1618-1648 Saxony changes sides during the Thirty Years War: initially neutral, then on the Swedish-Protestant side, then after the death of Gustav Adolf, Saxony makes peace with the emperor's followers in Prague. In return, the margraviates of Upper Lausitz and Lower Lausitz, mortgaged in 1623, are awarded to Saxony in the Prague peace agreement (1635). Peace with Sweden is only achieved in 1645 in Kötzschenbroda. The Thirty Years War causes Saxony to lose about half its population, partly because of repeated outbreaks of plague. Saxony is largely devastated, and after the Westphalian peace agreement of 1648, it suffers an increasing decline of influence within the empire.

1694-1733 Saxony is subject to the rule of Elector Frederick Augustus I (the Strong), who converts to Catholicism in 1697 in order to win the Polish crown. Saxony experiences an economic and industrial renaissance, which mainfests itself in the baroque buildings of Dresden, and the foundation of the Meissen porcelain factory (1710).

1733-1763 Frederick Augustus II rules both Saxony and Poland. Saxony clashes repeatedly with Prussia. At the end of the Seven Years War, Saxony loses influence, territory and the Polish crown in 1763.

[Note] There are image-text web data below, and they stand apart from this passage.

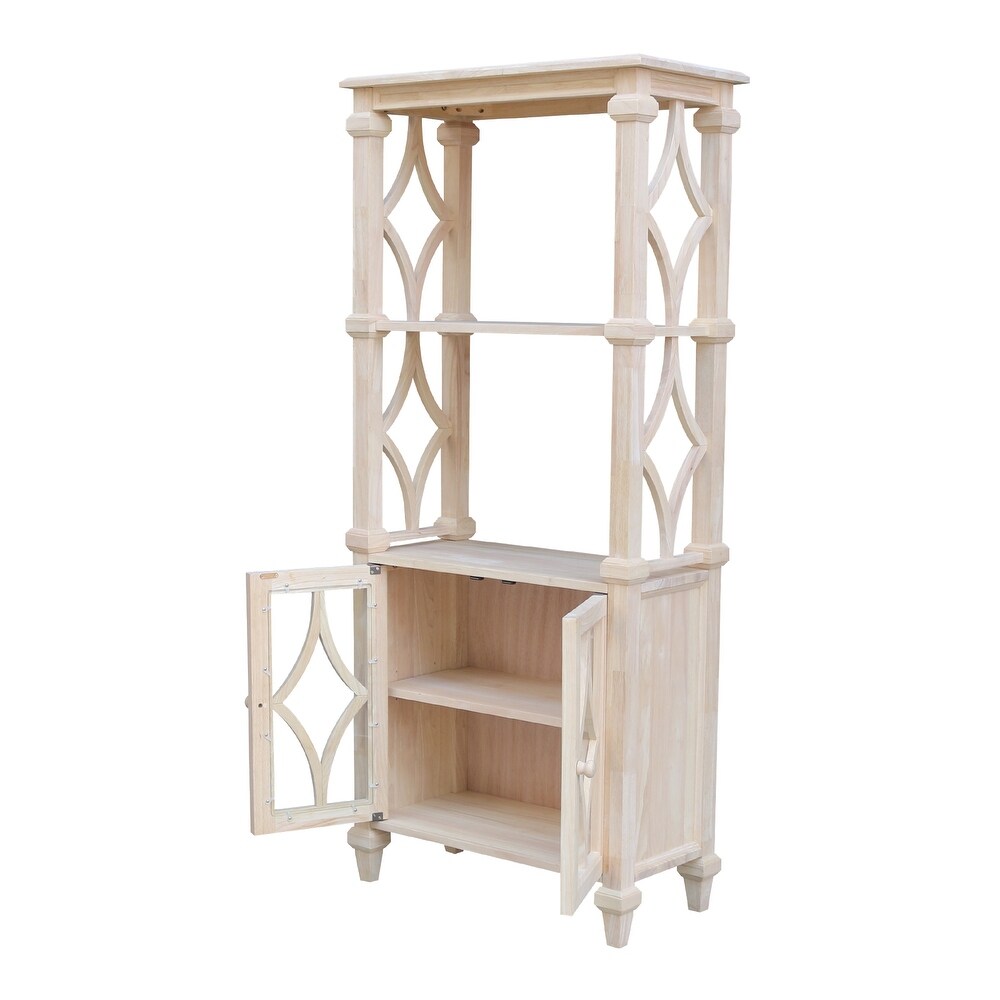 Josephine Solid Wood Bookcase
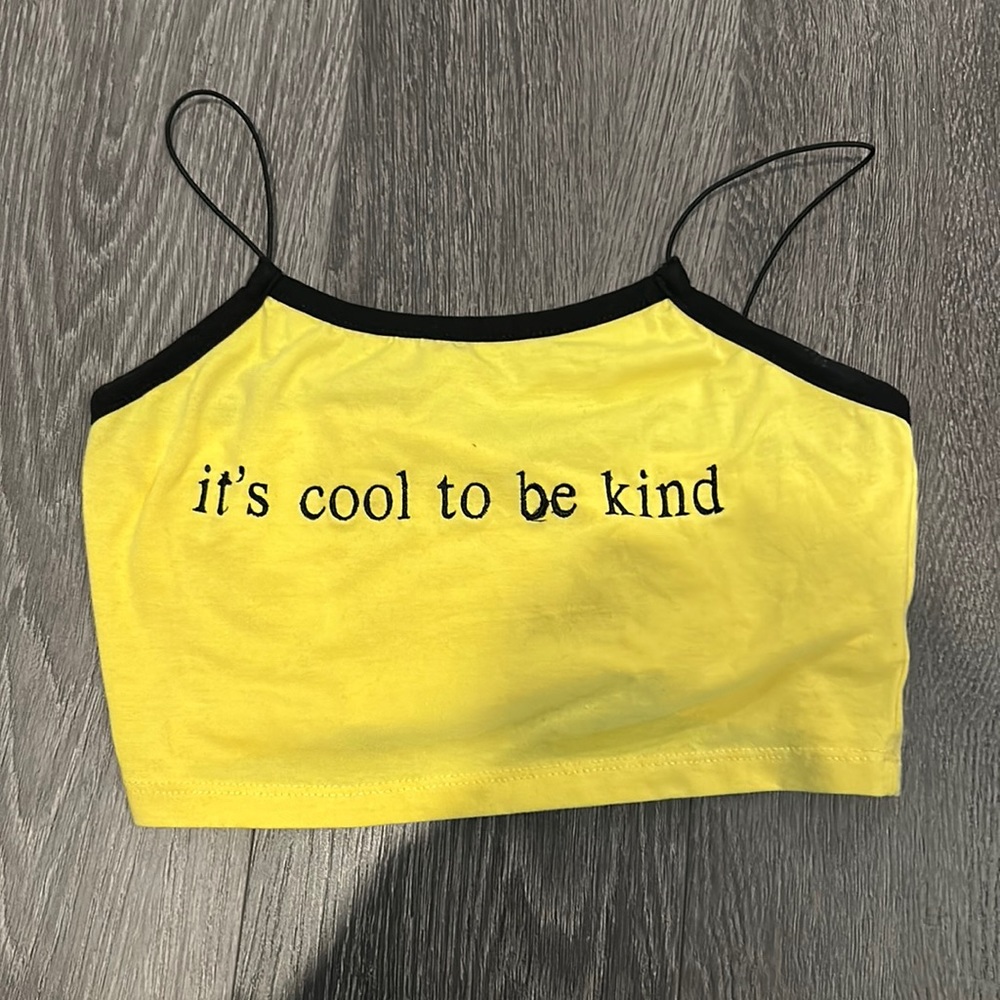 It’s cool to be kind crop top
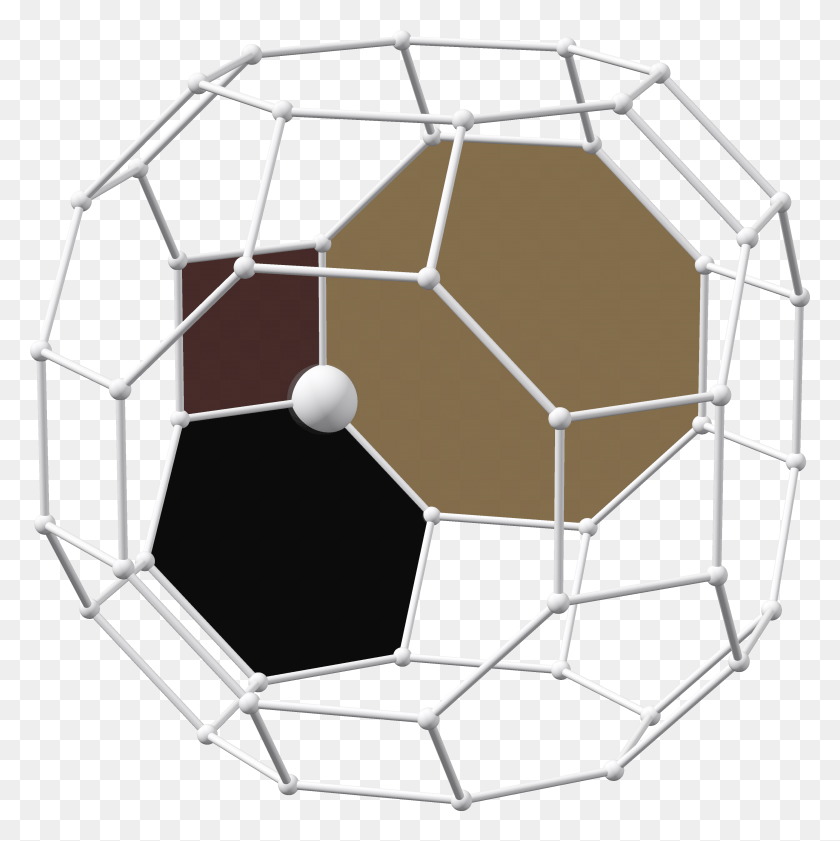 3628x3636 Truncated Cuboctahedron Permutation 2 1 Net, Sphere, Ball, Team Sport HD PNG Download
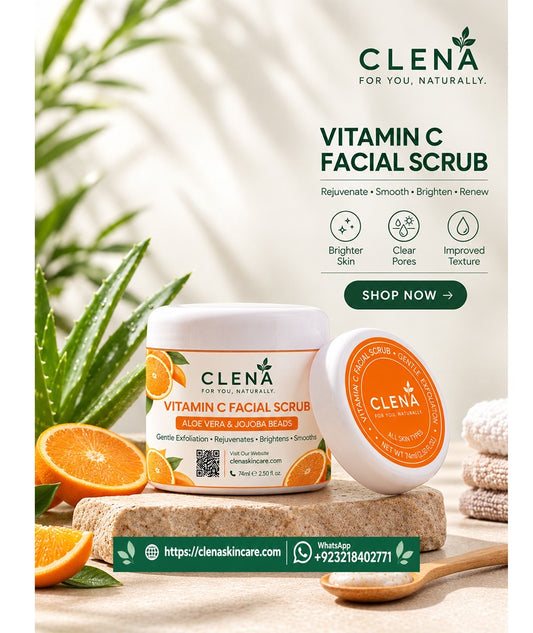 CLENÁ Whitening Facial Scrub with Vitamin C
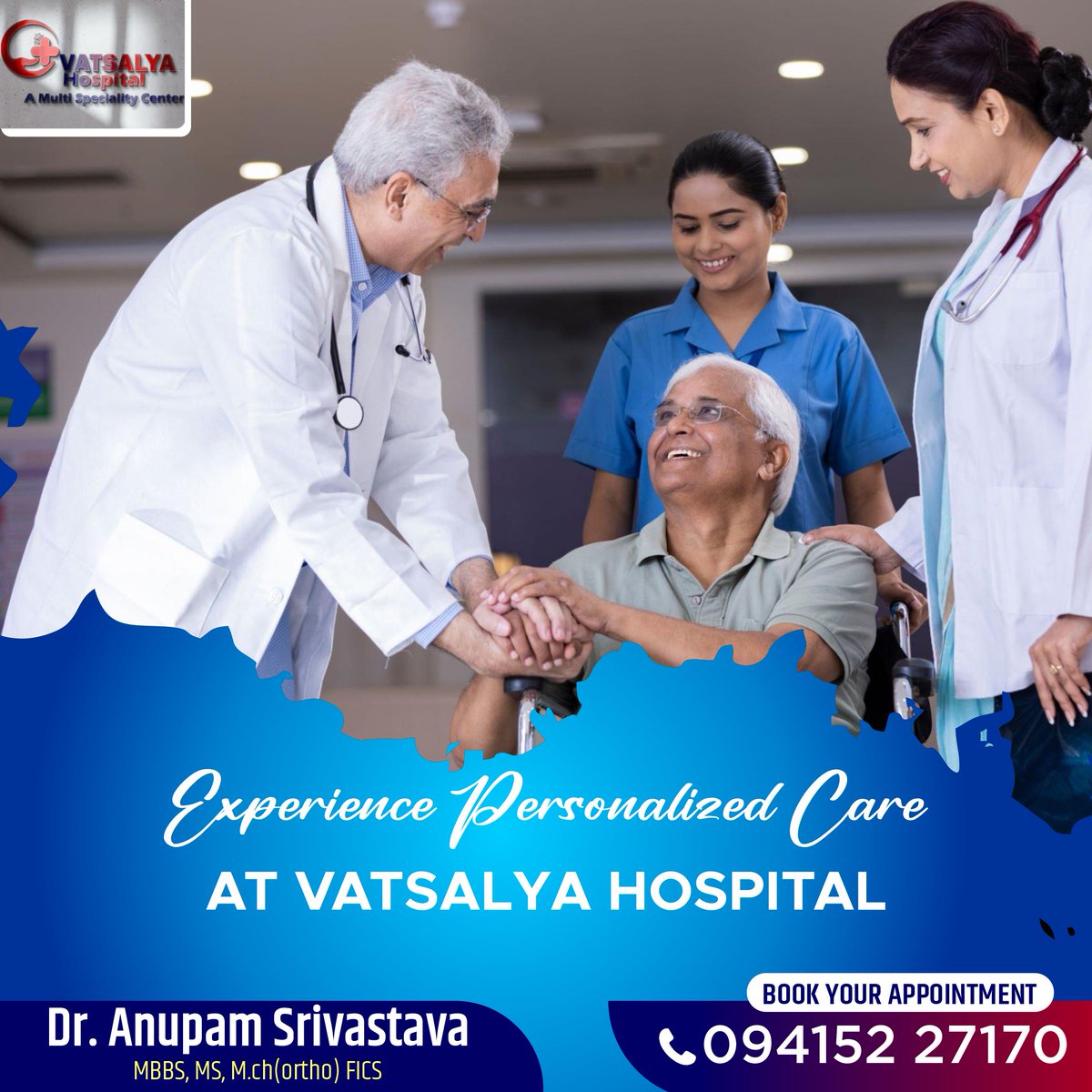 Experience personalized care at Vatsalya Hospital. Vatsalya Hospital operates multiple patient care departments to ensure prompt and personalized treatment facilities.

Contact us: 9415227170

#personalizedcare #benefitspersonalizedcare #Orthopaedicspecialists #Orthopaedicdoctor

1806-1815 During the Napoleonic Wars, Saxony changes sides again. Initially fighting against the French, Frederick Augustus III (after an interim peace agreement and the title of king, after joining the Rhine Confederation) fights on the side of Napoleon at the Battle of Nations and is defeated and imprisoned. At the Congress of Vienna in 1815, Saxony loses two-thirds of its territories and a third of its population to Prussia, and joins the German Confederation.